Александр Яковлевич:
Да ну? Вы это серьезно?
Федор:
Совершенно серьезно.
Александра Яковлевна:
А почему вам явилась такая дикая мысль? Ну, написали бы, — я не знаю, — ну, жизнь Батюшкова или Дельвига, — вообще, что-нибудь около Пушкина, — но при чем тут Чернышевский?
Федор:
Упражнение в стрельбе.
Инженер Керн:
Ответ по меньшей мере загадочный.
Пытается раздавить орех в ладонях, Горяинов передает ему щипцы.
Александр Яковлевич:
Что ж, мне это начинает нравиться. В наше страшное время, когда у нас попрана личность и удушена мысль, для писателя должно быть действительно большой радостью окунуться в светлую эпоху шестидесятых годов. Приветствую.
Александра Яковлевна:
Да, но от него это так далеко! Нет преемственности, нет традиции. Откровенно говоря, мне самой было бы не очень интересно восстанавливать все, что я чувствовала по этому поводу, когда была курсисткой.
Инженер Керн:
Мой дядя (раздавив орех) был выгнан из гимназии за чтение «Что делать?».
Александра Яковлевна (обращаясь к Горяинову):
А вы как на это смотрите?
Горяинов (разведя руки, тонким голосом, как будто кому-то подражая):
Не имею определенного мнения. Чернышевского не читал, а так, если подумать… Прескучная, прости Господи, фигура!

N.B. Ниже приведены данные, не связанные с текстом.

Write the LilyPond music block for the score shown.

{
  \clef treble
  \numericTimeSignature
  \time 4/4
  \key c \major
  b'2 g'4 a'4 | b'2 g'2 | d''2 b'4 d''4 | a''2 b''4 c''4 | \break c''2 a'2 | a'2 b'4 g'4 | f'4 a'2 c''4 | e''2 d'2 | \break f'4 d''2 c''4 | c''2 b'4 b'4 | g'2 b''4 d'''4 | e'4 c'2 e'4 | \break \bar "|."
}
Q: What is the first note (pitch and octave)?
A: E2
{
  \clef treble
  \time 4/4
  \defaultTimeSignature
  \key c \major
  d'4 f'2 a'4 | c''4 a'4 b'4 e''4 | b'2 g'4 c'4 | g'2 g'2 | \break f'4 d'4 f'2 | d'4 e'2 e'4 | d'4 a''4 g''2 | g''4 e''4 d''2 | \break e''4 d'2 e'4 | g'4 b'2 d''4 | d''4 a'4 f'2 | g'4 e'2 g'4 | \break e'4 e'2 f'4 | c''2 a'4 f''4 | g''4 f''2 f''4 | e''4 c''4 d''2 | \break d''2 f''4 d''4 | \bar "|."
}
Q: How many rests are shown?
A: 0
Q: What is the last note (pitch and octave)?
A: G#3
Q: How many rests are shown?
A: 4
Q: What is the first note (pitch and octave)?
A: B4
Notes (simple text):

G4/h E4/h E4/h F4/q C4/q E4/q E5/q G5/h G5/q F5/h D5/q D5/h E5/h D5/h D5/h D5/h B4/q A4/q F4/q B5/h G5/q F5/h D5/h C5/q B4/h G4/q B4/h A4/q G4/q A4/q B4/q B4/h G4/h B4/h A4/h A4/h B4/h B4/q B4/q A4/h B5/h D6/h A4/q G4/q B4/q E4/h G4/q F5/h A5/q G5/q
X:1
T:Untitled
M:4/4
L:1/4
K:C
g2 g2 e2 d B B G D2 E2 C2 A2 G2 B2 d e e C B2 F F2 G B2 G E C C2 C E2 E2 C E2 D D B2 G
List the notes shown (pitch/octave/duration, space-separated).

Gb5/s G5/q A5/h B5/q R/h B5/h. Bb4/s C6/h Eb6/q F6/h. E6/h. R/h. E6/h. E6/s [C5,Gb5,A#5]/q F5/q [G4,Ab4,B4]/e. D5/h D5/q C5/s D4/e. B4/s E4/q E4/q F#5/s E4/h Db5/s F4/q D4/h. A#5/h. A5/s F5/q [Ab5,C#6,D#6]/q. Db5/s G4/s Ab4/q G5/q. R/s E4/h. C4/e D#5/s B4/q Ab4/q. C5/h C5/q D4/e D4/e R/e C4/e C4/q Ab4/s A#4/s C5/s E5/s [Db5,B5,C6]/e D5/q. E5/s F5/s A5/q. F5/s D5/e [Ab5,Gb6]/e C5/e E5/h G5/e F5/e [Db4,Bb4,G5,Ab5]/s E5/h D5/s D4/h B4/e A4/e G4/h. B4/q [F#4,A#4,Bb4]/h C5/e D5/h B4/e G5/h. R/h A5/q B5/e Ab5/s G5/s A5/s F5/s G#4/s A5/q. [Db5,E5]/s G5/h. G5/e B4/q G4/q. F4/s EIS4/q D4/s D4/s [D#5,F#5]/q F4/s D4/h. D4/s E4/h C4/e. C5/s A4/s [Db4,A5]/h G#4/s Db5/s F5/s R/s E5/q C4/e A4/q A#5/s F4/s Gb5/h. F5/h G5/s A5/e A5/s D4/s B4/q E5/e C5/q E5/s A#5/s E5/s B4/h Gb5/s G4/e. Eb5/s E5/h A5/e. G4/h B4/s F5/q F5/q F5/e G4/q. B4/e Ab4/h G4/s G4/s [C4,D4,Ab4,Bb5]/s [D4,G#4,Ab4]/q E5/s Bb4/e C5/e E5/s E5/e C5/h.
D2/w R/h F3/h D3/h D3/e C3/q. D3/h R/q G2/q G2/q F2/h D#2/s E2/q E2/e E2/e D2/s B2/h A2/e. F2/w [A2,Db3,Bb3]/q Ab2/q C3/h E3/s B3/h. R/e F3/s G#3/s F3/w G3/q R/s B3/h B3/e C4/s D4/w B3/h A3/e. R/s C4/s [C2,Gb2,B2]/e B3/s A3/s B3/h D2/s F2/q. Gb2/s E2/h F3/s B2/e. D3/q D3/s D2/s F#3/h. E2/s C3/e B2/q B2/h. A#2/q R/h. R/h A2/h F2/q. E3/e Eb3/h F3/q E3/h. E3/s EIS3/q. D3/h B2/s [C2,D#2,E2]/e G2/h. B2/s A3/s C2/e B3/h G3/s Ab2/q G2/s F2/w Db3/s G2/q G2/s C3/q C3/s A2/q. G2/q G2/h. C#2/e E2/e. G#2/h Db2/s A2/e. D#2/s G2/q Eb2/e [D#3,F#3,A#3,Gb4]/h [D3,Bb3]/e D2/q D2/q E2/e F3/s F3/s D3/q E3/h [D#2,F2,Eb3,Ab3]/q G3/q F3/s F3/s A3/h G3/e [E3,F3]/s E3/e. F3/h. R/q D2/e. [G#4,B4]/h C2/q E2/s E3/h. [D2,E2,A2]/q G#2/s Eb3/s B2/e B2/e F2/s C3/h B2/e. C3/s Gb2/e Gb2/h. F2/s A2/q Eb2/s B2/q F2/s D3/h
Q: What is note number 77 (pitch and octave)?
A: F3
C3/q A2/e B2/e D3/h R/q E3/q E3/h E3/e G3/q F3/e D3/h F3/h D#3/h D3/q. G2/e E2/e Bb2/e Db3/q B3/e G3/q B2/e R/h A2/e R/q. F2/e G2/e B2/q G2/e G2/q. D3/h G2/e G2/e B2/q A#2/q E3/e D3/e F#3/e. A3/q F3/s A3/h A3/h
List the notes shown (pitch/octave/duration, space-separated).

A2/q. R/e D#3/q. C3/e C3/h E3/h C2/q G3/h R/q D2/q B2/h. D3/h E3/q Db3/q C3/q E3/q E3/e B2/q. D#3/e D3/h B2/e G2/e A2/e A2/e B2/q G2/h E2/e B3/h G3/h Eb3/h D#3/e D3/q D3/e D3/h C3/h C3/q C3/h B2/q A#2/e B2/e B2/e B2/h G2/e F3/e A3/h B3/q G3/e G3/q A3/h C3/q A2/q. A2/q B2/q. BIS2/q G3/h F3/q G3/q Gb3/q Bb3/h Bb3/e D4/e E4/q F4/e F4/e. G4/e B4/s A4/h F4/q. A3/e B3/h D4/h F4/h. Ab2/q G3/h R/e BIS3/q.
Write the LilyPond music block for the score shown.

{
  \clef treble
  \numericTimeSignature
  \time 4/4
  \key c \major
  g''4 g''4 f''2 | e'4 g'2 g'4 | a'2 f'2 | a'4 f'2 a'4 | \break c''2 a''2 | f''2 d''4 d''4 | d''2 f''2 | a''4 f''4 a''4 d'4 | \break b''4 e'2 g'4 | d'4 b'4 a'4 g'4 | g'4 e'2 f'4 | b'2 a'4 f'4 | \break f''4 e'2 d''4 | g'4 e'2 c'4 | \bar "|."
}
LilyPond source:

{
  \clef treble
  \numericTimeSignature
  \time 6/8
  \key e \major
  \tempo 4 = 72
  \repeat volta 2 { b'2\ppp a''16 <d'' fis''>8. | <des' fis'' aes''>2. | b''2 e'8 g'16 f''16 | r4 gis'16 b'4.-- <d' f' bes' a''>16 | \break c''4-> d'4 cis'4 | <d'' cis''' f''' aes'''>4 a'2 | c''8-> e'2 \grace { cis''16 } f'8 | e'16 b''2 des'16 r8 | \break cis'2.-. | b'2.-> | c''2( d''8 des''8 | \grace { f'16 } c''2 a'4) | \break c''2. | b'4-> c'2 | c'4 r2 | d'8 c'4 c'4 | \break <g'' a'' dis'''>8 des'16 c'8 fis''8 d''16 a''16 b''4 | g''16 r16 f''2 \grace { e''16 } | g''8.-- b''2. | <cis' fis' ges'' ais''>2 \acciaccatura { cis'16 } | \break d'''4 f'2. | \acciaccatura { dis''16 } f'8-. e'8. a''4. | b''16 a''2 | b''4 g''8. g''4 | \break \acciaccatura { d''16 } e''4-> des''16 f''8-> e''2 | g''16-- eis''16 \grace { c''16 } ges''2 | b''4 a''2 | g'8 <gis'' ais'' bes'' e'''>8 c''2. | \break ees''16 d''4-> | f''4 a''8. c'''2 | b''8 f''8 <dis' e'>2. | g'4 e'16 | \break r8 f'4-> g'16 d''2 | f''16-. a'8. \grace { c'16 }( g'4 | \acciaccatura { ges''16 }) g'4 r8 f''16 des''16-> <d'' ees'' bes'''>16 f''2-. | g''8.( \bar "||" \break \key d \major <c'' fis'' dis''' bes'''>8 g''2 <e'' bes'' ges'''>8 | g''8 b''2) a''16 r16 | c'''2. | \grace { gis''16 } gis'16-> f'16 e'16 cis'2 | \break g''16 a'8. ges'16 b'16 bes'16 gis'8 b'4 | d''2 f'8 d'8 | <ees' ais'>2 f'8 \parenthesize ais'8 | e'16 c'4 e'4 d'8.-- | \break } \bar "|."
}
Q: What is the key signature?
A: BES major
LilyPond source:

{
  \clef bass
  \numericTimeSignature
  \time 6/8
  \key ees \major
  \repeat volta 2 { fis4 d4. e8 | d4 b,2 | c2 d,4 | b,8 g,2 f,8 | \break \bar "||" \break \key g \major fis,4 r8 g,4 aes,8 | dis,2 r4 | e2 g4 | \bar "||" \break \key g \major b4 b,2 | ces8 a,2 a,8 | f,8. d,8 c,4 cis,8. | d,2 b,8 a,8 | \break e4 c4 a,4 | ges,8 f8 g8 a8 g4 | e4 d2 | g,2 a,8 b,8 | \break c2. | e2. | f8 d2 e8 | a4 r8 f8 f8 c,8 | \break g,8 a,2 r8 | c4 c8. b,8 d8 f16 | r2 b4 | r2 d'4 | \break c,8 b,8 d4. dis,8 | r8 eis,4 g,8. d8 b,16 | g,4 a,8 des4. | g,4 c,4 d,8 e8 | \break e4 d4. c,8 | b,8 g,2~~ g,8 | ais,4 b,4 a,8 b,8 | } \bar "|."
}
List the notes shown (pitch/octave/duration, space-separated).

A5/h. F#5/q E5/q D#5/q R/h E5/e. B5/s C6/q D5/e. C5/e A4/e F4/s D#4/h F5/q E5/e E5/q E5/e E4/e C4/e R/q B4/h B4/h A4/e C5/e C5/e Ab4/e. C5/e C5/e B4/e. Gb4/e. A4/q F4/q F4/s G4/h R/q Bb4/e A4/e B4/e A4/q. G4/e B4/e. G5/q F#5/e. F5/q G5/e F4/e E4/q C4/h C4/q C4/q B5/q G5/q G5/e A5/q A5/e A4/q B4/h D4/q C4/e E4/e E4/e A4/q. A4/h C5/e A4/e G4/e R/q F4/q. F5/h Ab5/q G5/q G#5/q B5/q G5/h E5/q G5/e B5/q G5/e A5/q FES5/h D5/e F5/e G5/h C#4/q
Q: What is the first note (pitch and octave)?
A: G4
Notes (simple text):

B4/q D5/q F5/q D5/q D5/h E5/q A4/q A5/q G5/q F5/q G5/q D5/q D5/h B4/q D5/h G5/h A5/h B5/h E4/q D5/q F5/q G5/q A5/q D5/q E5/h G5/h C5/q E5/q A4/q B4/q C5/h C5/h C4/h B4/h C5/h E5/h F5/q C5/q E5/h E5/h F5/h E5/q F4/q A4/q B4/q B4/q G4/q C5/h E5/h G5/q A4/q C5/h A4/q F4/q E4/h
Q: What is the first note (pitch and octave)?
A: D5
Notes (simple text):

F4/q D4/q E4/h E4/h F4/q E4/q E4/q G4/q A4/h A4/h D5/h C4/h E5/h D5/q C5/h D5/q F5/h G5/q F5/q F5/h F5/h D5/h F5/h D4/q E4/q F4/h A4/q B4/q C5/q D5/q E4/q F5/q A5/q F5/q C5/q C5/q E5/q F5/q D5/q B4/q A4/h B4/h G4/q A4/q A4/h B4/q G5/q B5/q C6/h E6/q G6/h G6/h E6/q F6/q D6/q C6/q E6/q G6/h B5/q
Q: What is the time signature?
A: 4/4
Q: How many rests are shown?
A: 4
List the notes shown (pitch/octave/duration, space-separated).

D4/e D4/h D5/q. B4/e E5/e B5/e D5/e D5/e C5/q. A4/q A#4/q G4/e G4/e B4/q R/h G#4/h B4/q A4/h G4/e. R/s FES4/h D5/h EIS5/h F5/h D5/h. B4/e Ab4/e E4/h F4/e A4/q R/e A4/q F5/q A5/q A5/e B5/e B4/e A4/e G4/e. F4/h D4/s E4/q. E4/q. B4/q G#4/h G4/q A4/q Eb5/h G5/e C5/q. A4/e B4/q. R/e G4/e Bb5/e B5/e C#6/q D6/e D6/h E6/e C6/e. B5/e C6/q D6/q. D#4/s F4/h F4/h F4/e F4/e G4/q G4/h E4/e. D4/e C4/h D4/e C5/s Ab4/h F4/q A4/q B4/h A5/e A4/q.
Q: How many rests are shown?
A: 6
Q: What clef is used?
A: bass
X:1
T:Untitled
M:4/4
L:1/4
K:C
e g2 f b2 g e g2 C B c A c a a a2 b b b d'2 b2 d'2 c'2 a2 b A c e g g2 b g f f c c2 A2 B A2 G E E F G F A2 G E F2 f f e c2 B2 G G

Александр Яковлевич (откинувшись в кресле, дергаясь лицом, то улыбаясь, то потухая): А вот я все-таки приветствую мысль Федора Константиновича. Конечно, многое нам теперь кажется смешным и скучным. Но в этой эпохе есть нечто святое, нечто вечное. Утилитаризм, отрицание искусства и прочее, — все это лишь случайная оболочка, под которой нельзя не разглядеть основных черт: уважения ко всему роду человеческому, культа свободы, идеи равенства, равноправности. Это была эпоха великой эмансипации: крестьян — от помещиков, гражданина — от государства, женщины — от семейной кабалы. И не забудьте, что не только тогда родились лучшие заветы русского освободительного движения: жажда знания, непреклонность духа, жертвенный героизм, — но еще именно в ту эпоху, так или иначе питаясь ею, развивались такие великаны, как Тургенев, Некрасов, Толстой, Достоевский. Уж я не говорю про то, что сам Николай Гаврилович был человек громадного, всестороннего ума, громадной творческой воли и что ужасные мучения, которые он переносил ради идеи, ради человечества, ради России, с лихвой искупают некоторую черствость и прямолинейность его критических взглядов. Мало того, я утверждаю, что критик он был превосходный — вдумчивый, честный, смелый… Нет, нет, это прекрасно, — непременно напишите!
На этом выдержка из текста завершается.